The Phillies need to stop “Retooling” and start winning part 2: Call them up


I don’t generally like to make articles longer than they already are. I tend to be long worded as it is, and 1000 additional words is often times too many. But this post needs to be written as a follow up to my most recent article. If you haven’t read it yet, I ask that you do and then come back to this one. It’ll make more sense.

The Phillies need to stop “Retooling” and start winning

Now that you have a basis of the first article, here’s part 2.

My frustrations have boiled over to a point that they can no longer be contained. I hate to be the doom and gloom reporter, the guy who just bashes the Phillies post after post. This year, however, it’s almost been unavoidable. The team has now lost 19 of their last 23, and lost, most recently, back to back games to rookie Rockies’ starters, all while giving up 8 runs in each game. It’s May 23, and it’s time to do something to this roster.

As I hope you’ve read by now in the last piece, you clearly know my feelings on farm systems. Hint, I don’t like them. But the Phillies have, what many consider, a pretty impressive minor league system after making trades to shed the contracts of Hamels, Papelbon, Utley and Revere over the last few years. So what to do with these players who are sitting in the minor leagues that I’ve very openly said are useless? Simple: call them all up to the big leagues.

That’s right, bring anybody and everybody the team feels is close to being Major League ready and put them on the roster. What do they have to lose? The team is now 15-28, tied for last place in the National League East. How much worse could it get? Outright last place? It doesn’t really matter at this point whether the guys on the roster are losing or the guys in the minor leagues come up and lose. The team isn’t going to stunt their growth by showing them Major League pitching. In fact, it may have the opposite effect for the club, who will get a chance to see if some, or any, of their young players have Major League talent.

Aaron Altherr has proven he belongs on the ball club. Tommy Joseph has been much better as of late and may have figured something out. Other than those two, who on this roster has truly solidified themselves on the club? Nobody, that’s who. Odubel Herrera is hitting .238 with an OBP of just .289. You’ve likely read my sentiment on Maikel Franco. Michael Saunders has proven his first half of last season is more like the outlier and less like the norm. Freddy Galvis is impressive with the glove, but nothing spectacular at the dish.

So call them all up and let them prove themselves. J.P. Crawford, Jorge Alfaro, Nick Williams, Roman Quinn, Dylan Cozens, Rhys Hoskins, Jesmuel Valentine (prior to his injury today): call Every. Single. One. Of. Them. Up. Because, again, at the end of the day, does .240 from Herrera or .240 from Nick Williams mean anything different? Afterall, these players are the reasons the Phillies have made so many trades over the last few years, aren’t they?

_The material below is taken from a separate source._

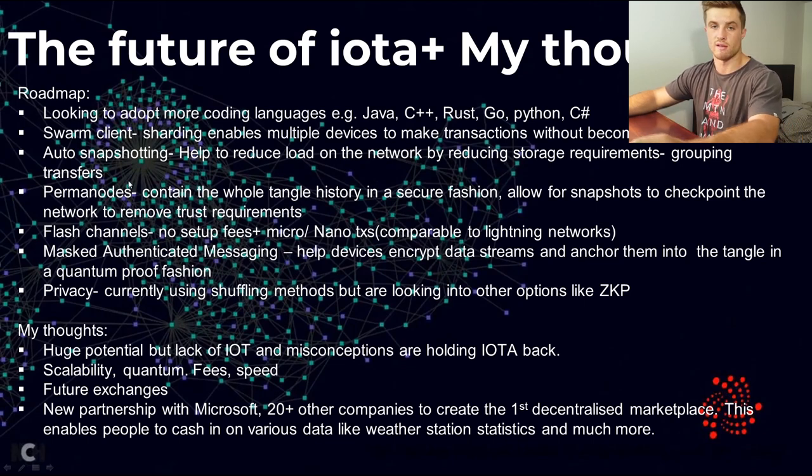To increase efficiency, they're introducing auto-snapshotting to reduce the load on the network — you take a snapshot of the Tangle rather than downloading the whole thing. Perm nodes will have the whole Tangle but will allow snapshots to checkpoint the network to remove trust requirements and increase reliability. They've got flash channels coming up, and also masked authenticated messaging, which helps encrypt data in a quantum-proof fashion. They're also looking into privacy features like zero-knowledge proofs.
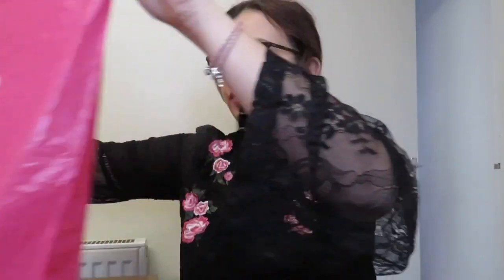Welcome back to my YouTube channel. Today I am doing a super jump haul. Let's get into the video. I have the piece of paper to tell you what it is.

And that’s just the offense. The pitching hasn’t been very good either. Maybe they’re putting too much pressure on themselves because the offense hasn’t been very good. Maybe they’re trying to prove they can cut it at the Major League level. Maybe it’s one of a thousand reasons. Whatever, the reason, the pitching staff has struggled.

Nick Pivetta, Zach Eflin, and Vince Velasquez all have ERA’s over 5.00. Jarad Eickhoff isn’t too far below that, with a 4.70 ERA this season. They’re all young and have much left to prove, but until the Phillies can find a group of five starting pitchers that will solidify themselves as the core of the rotation, it’s time to make move after move through the system. Give them all starts at the Major League level. Give Sixto Sanchez and Ricardo Pinto, Mark Appel and Ben Lively all starts. Rotate them all in and out until you find consistency.

The flip side argument, especially for the pitchers, is understandable. It’s difficult to find a rhythm when you’re not starting on a consistent basis. I’ll definitely understand your reserve if that is your belief, because, you’re right, it’s difficult to continue to throw at a top level when you’re not competing consistently.

One argument I won’t accept, however, is the one that says, “It’ll mess with their confidence”, because they’re not little kids who all need to play. This is the greatest baseball league in the world, and if you can’t cut it, get out. I don’t want to hear that Eflin might not ever develop if you shake his confidence or Velasquez needs to just work through some things. I don’t believe that to be true. I know everyone’s reserve to let him go, or to pull him from the rotation because of the similarities to Nolan Ryan, and how he found success after a few bumpy years.

But Velasquez is far more likely to turn out to be a guy that never got his stuff together as he to become a 5,000 plus strikeout guy. I could be wrong. I hope I’m wrong. But I don’t want to take my chances. If Vinny ended up leaving the Phillies for someone who short term was a better solution, but eventually had a stellar career, I could sleep soundly knowing the Phillies at least tried. That’s why I, unlike many, never had an issue with the all the trades the team made in the late 2000’s-early 2010’s to try and get back to being World Champions. They took their shot, it didn’t work. So be it.

Let’s wrap this thing back up that went way off the grid. Let’s give this thing a shot and call more minor leaguers up. It’ll at least give the Phillies an idea of what they actually have. Because, remember, until farm system players prove they belong at the Major League level, they don’t mean anything to a ball club.